A short time later, Sophie Sondhelm took over the management of a retirement home in Gailingen on the Swiss border. However, this home was also soon closed and the residents who were unable to work were deported. Sophie Sondhelm found temporary accommodation with the remaining residents in the Jewish Community Center in Constance.

On November 18, 1941, the Hesse-Nassau district office of the Reich Association of Jews in Germany in Frankfurt notified the Offenbach Secret State Police:

"The previous director of this home belonging to the Reich Association of Jews in Germany, Miss Helene Sara Krämer, has emigrated.
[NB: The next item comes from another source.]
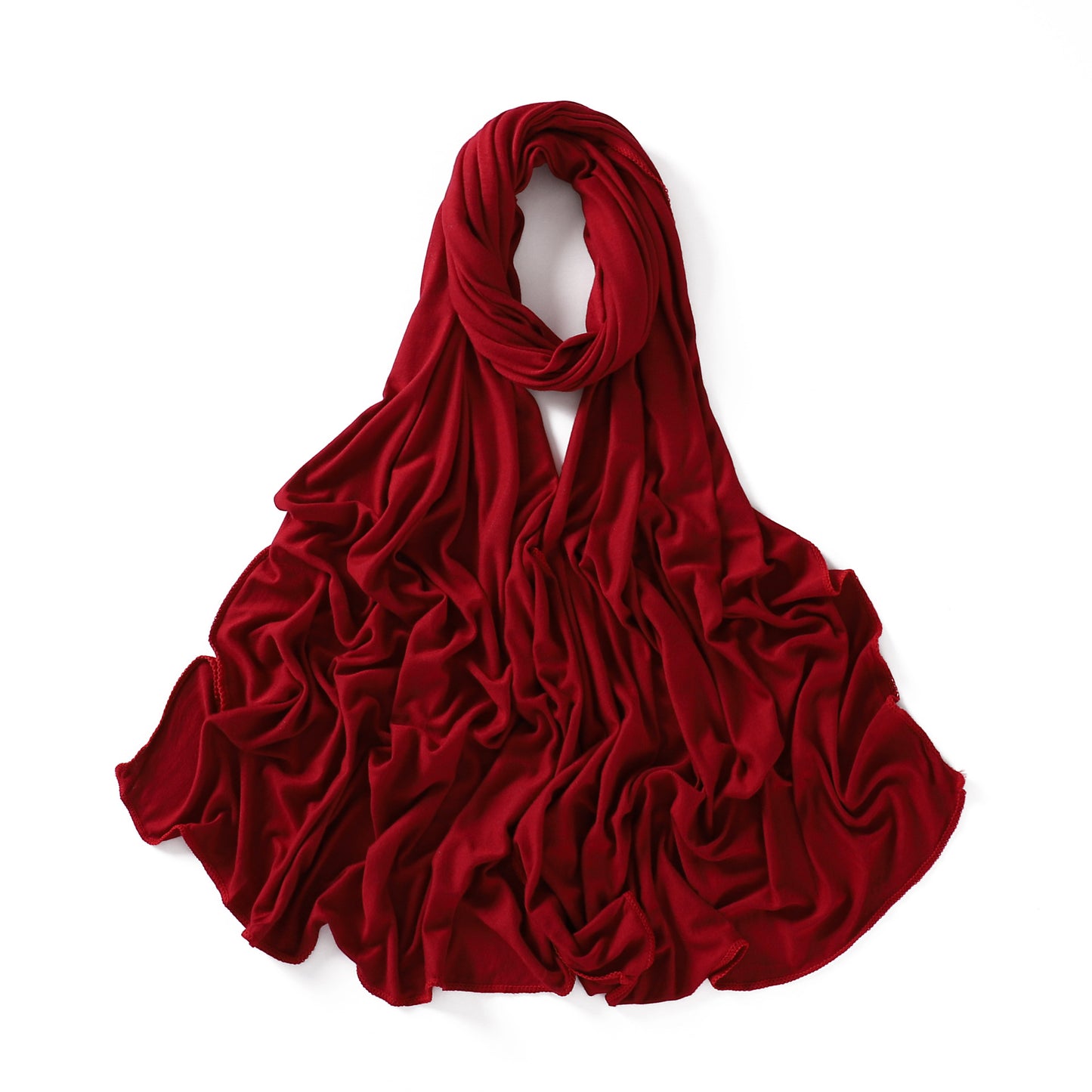 Colors Solid Color Modal Scarf Small Size Monochrome Jersey Veil Mercerized Cotton Scarf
In her place we have entrusted Sister Sofie Sara Sondhelm, born March 18, 1887 in Kleinlangheim, identification card: J, place of identification Bad Kreuznach, identification number A-00611, former director of the Bad Kreuznach children's home, later director of the Geilingen old people's home, with the management of the home. We request that the named person be granted permission to move in."

In Neu-Isenburg, Sophie Sondhelm had the difficult task of organizing the closure of the home and at the same time giving her charges a home.

After the "Isenburg" home was vacated at the end of March 1942, Sophie Sondhelm moved to the Jewish old people's home at Eschollbrückerstraße 4 ½ in Darmstadt on April 5. The facility was the last stop for many people from Darmstadt and the Starkenburg province before their deportation. Sophie Sondhelm probably worked here as a carer.

In Darmstadt, Sophie Sondhelm was soon targeted by the Gestapo because she had omitted the suffix "Sara" from the sender's name and signature on a letter. She was therefore brought before the criminal court in May 1942.

Sophie Sondhelm lived in Darmstadt for another nine months. On February 20, 1943, the 55-year-old was deported to the Theresienstadt ghetto. Here, too, she worked as a nurse. In October 1944, she was deported to the Auschwitz concentration and extermination camp, where she was murdered in the gas chambers of Birkenau.

A road and a school in Bad Kreuznach were named after her. The street sign is the only reminder in the townscape of the great matron of the Jewish children's sanatorium on Cecilienhöhe.